Gothic Tales

Regular price €17.50
a thousand splendid suns
A01=Elizabeth Gaskell
alastair reynolds
aldous huxley
alias grace
american gods
Author_Elizabeth Gaskell
brave new world
catch 22
catcher in the rye
Category=FBC
Category=FYB
classic
clive barker
cloud atlas
don quixote
edgar allan poe
eq_anthologies-novellas-short-stories
eq_bestseller
eq_classics
eq_fiction
eq_isMigrated=1
eq_isMigrated=2
eq_nobargain
great expectations
infinite jest
jane eyre
linda howard
little women
mills and boon
my cousin rachel
oliver twist
one hundred years of solitude
paper towns
stephen leather
susan hill
the gruffalo
the handmaids tale
the hate u give
the hobbit
the kite runner
the night circus
the shock of the fall
victoria hislop
william boyd
wuthering heights

Product details

  • ISBN 9780140437416
  • Weight: 288g
  • Dimensions: 128 x 198mm
  • Publication Date: 14 Aug 2000
  • Publisher: Penguin Books Ltd
  • Publication City/Country: GB
  • Product Form: Paperback
Delivery/Collection within 10-20 working days

Our Delivery Time Frames Explained
2-4 Working Days: Available in-stock

10-20 Working Days: On Backorder

Will Deliver When Available: On Pre-Order or Reprinting

We ship your order once all items have arrived at our warehouse and are processed. Need those 2-4 day shipping items sooner? Just place a separate order for them!

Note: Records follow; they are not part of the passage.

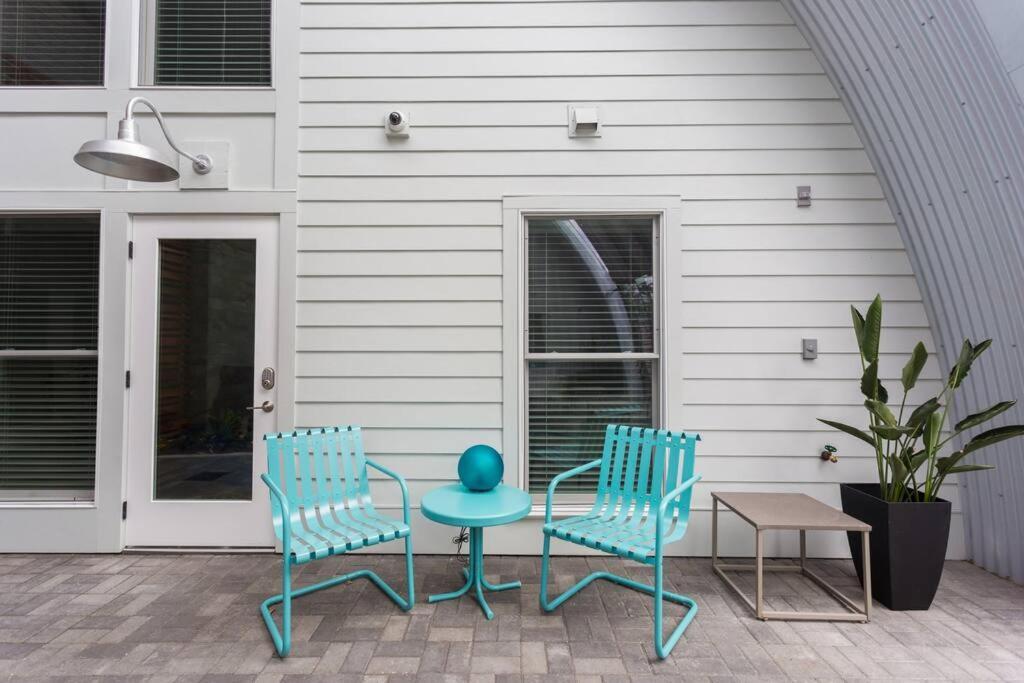 Holiday home The Moon Quonset Hut Vacation Heated & Chilled Pool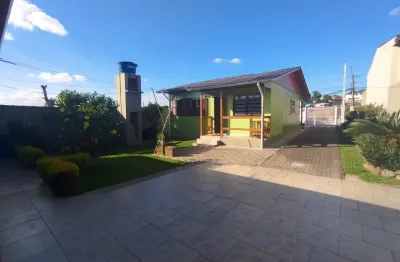 Casa com dois imóveis no mesmo terreno, espaço de sobra e excelente localização!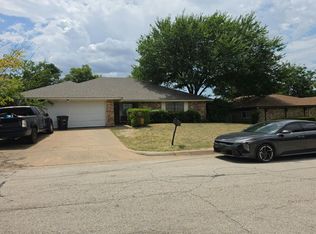 6400 Brookhaven Trl, Fort Worth, TX 76133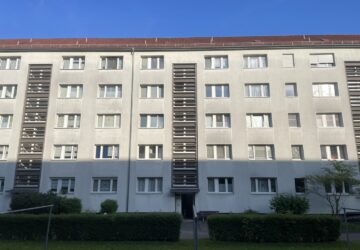 Vorderansicht Eingang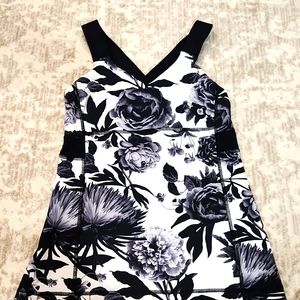 Lululemon Top Black and White Flower Design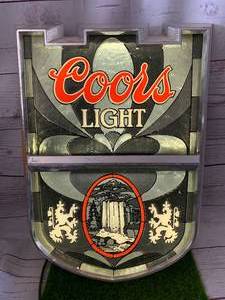 lot 15 image: COORS LIGHT LIGHTED BEER SIGN 18 TALL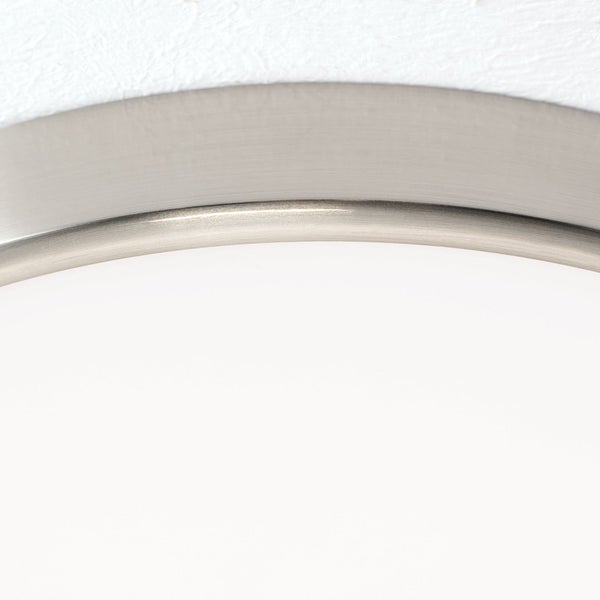 Runde Deckenleuchte mit einem Durchmesser von 280 Millimeter.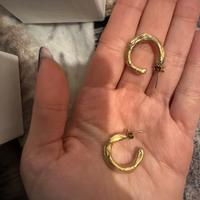 Orecchini in bronzo color oro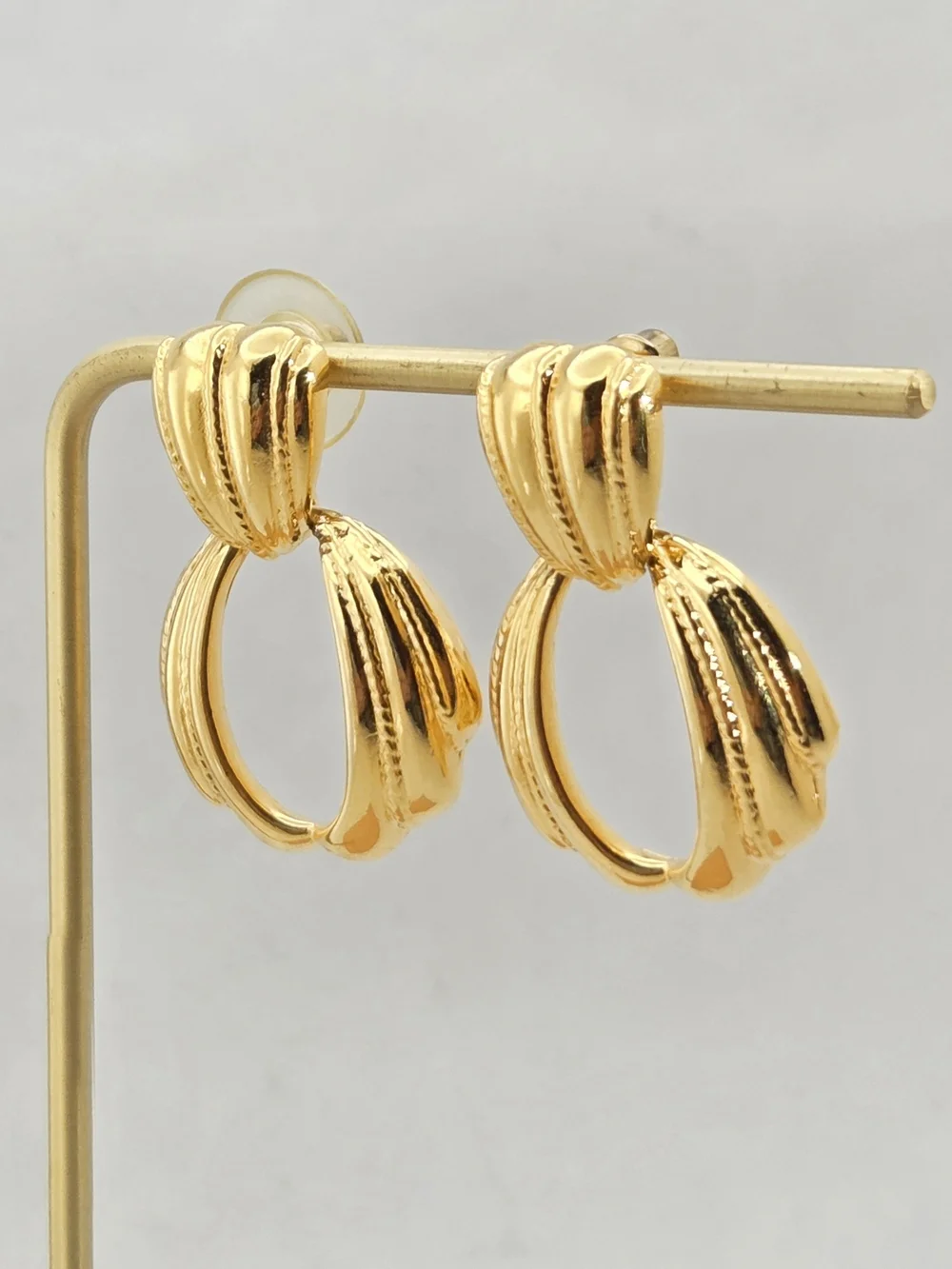 Vintage Anne Klein Gold Tone Ribbed Door Knocker Dangle Earrings Post Back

Elizabeth Gaskell's chilling Gothic tales blend the real and the supernatural to eerie, compelling effect. 'Disappearances', inspired by local legends of mysterious vanishings, mixes gossip and fact; 'Lois the Witch', a novella based on an account of the Salem witch hunts, shows how sexual desire and jealousy lead to hysteria; while in 'The Old Nurse's Story' a mysterious child roams the freezing Northumberland moors. Whether darkly surreal, such as 'The Poor Clare', where an evil doppelgänger is formed by a woman's bitter curse, or mischievous like 'Curious, if True', a playful reworking of fairy tales, all the stories in this volume form a stark contrast to the social realism of Gaskell's novels, revealing a darker and more unsettling style of writing.

Elizabeth Gaskell (1810-65) wrote her first novel, MARY BARTON, in 1848 as a distraction from her sorrow at the death of her only son in infancy. It won the attention of Dickens and was followed by 5 other full-length novels as well as numerous short stories and novellas.


Laura Kranzler has written on Mary Shelley and Virginia Woolf and has published a novel.